L’Amministrazione Trump tenta di recuperare con la nuova definizione geografica dello scenario strategico: da “Asia-Pacifico” a Indo-Pacifico”. In questa mappa l’azione si sposta in acque lontane dall’influenza della flotta cinese, assegnando all’India (e all’Indonesia) un ruolo di contenimento dei piani di espansione do Pechino lungo le vie della seta marittime (materializzati nelle basi navali di Gwadar in Pakistan di Hambantota in Sri Lanka e di Djibouti all’estremo occidentale dell’oceano Indiano). “E’ una prospettiva geografica che non piace alla Cina: non ha sbocco sull’oceano Indiano e, in caso di conflitto, avrebbe difficoltà nel controllare le rotte commerciali”, dice Collin, che non perde l’occasione di reiterare l’importanza dei sottomarini.

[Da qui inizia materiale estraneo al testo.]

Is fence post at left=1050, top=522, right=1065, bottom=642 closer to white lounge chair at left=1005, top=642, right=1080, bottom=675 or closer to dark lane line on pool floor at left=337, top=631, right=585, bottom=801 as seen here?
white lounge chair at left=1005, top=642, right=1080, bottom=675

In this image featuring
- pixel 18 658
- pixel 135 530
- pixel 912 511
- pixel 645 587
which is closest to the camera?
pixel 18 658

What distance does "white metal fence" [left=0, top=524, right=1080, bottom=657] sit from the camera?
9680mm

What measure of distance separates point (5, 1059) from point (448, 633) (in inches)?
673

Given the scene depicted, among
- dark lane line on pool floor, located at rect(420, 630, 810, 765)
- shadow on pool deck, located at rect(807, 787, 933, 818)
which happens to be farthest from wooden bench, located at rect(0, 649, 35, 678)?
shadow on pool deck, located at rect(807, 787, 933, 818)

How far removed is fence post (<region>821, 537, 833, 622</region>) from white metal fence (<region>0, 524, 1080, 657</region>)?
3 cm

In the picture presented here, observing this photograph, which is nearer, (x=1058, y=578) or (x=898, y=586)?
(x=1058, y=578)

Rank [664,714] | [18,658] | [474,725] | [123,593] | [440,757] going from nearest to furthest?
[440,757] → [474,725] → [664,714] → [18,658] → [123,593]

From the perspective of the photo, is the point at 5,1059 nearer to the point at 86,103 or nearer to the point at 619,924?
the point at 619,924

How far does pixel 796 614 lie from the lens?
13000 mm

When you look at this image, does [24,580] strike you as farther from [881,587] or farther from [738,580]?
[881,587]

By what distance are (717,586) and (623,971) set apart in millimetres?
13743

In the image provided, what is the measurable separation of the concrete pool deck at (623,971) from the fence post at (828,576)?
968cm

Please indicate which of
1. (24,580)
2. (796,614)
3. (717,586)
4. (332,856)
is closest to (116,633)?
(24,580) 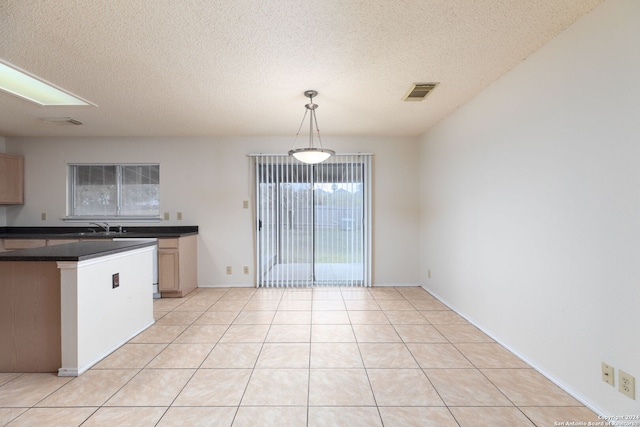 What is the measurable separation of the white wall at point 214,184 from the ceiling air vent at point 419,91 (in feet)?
5.10

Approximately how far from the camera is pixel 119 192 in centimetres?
460

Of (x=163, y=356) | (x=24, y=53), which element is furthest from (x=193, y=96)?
(x=163, y=356)

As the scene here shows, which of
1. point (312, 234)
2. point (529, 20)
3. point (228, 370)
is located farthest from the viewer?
point (312, 234)

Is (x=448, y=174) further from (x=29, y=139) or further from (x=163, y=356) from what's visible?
(x=29, y=139)

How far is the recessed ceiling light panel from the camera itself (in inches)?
102

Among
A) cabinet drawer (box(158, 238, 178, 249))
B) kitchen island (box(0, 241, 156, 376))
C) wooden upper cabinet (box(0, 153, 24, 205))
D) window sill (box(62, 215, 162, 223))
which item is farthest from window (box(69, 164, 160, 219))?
kitchen island (box(0, 241, 156, 376))

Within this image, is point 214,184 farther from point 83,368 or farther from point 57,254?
point 83,368

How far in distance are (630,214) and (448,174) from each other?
7.06ft

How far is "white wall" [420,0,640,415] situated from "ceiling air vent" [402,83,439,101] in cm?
53

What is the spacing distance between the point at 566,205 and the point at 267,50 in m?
2.27

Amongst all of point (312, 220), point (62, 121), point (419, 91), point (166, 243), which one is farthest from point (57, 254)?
point (419, 91)

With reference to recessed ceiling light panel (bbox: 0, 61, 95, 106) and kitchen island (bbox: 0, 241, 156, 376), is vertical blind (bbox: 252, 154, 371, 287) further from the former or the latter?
kitchen island (bbox: 0, 241, 156, 376)

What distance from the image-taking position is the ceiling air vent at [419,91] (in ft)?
9.05

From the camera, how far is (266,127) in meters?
4.10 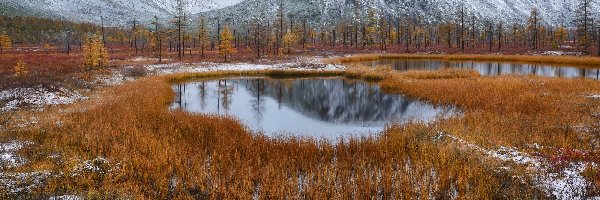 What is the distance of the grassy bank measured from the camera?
9945 mm

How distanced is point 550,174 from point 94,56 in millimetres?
46308

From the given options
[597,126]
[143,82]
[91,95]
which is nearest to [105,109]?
[91,95]

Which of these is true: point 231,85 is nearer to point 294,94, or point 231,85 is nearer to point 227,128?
point 294,94

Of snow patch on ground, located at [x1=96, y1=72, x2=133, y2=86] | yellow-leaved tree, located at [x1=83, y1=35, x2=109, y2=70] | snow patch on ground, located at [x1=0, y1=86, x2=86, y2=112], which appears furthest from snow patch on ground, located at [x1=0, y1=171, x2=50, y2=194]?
yellow-leaved tree, located at [x1=83, y1=35, x2=109, y2=70]

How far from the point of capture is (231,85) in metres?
41.0

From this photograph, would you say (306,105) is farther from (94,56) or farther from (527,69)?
(527,69)

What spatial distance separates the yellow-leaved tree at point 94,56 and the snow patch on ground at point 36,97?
1744 cm

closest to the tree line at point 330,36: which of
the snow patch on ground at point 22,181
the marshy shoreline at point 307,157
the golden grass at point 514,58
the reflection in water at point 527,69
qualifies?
the golden grass at point 514,58

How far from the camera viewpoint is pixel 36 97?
24859 millimetres

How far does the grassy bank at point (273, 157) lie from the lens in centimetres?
995

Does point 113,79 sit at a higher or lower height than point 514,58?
lower

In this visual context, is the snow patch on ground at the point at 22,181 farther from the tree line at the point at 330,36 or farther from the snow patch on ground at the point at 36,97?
the tree line at the point at 330,36

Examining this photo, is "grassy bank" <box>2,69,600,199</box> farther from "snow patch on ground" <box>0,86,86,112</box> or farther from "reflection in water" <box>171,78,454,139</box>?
"reflection in water" <box>171,78,454,139</box>

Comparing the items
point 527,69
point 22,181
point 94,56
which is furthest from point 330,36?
point 22,181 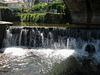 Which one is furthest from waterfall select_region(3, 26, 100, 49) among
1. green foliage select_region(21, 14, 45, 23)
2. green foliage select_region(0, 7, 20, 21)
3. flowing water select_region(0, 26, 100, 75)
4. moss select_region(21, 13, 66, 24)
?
green foliage select_region(0, 7, 20, 21)

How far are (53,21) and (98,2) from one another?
30.9 ft

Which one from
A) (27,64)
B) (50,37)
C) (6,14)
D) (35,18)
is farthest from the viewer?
(6,14)

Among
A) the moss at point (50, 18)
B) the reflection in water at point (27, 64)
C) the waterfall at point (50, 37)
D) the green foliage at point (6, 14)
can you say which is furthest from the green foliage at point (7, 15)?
the reflection in water at point (27, 64)

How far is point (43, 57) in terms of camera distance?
7324mm

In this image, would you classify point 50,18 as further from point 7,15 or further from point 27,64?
point 27,64

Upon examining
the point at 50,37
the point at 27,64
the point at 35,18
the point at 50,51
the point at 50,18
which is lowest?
the point at 50,51

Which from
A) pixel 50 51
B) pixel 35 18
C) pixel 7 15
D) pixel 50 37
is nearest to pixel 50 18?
pixel 35 18

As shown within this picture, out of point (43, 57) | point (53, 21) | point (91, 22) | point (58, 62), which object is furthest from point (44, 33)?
point (53, 21)

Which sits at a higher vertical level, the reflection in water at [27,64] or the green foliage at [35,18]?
the green foliage at [35,18]

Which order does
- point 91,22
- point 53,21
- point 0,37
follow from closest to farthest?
point 0,37, point 91,22, point 53,21

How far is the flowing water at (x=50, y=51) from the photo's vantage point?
5.96m

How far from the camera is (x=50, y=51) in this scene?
8672 millimetres

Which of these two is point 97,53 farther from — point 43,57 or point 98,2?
point 98,2

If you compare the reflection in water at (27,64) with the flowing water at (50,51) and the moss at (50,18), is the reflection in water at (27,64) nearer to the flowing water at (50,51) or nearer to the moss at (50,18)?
the flowing water at (50,51)
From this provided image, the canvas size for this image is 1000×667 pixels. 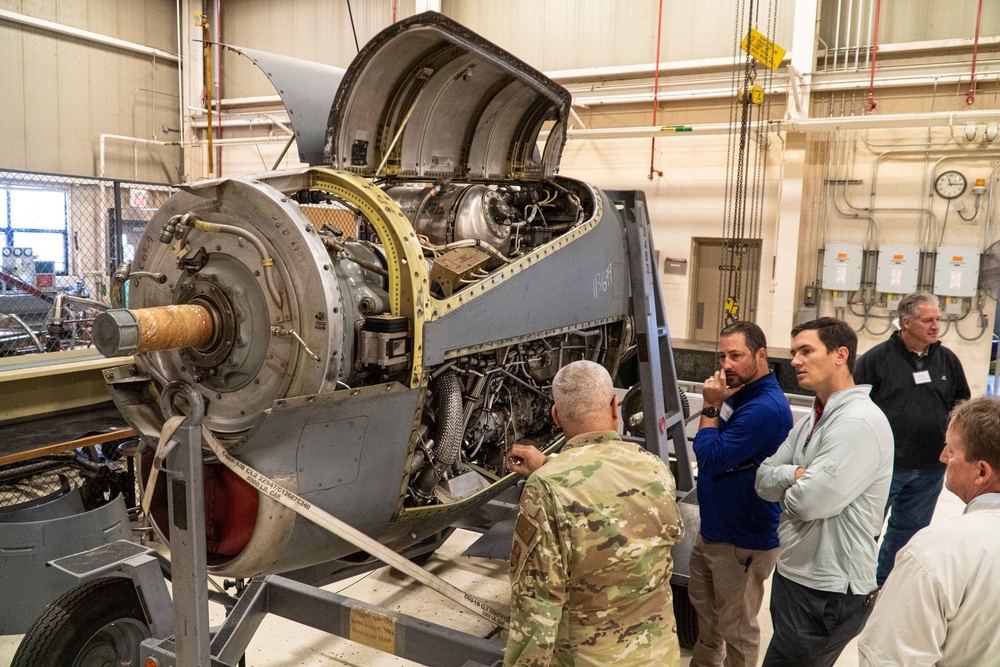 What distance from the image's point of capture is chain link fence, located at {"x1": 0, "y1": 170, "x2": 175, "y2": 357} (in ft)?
30.2

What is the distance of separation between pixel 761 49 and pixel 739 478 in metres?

Il cambio di scenario, del resto, sta già creando nuovi fronti rispetto al mar della Cina meridionale. Come quello lungo l’arcipelago delle Maldive, dove il governo filocinese ha dichiarato lo stato d’emergenza per eliminare l’opposizione, sostenuto dall’India. Secondo Collin altri fronti si possono riaccendere in Myanmar e Bangladesh, dove da secoli collidono interessi e culture indo-cinesi. Ma tutte queste possibili linee di fuoco a lungo termine non sembrano rafforzare la strategia statunitense. L’America rischia di trovarsi isolata in acque sempre più divise e contestate, sia nell’oceano Indiano sia nel Pacifico occidentale, dove il Giappone promuove la “Free and Open Indo-Pacific Strategy”, enfatizzando il suo ruolo a fianco dell’Asean e dove l’Australia appare sempre più tentata dalla neutralità.
“A questo gioco ci sono sempre più partecipanti”, dice Collin. “Ecco perché non è più possibile ragionare in termini bipolari”. Dice il Saggio: due tigri non possono dividersi la stessa montagna.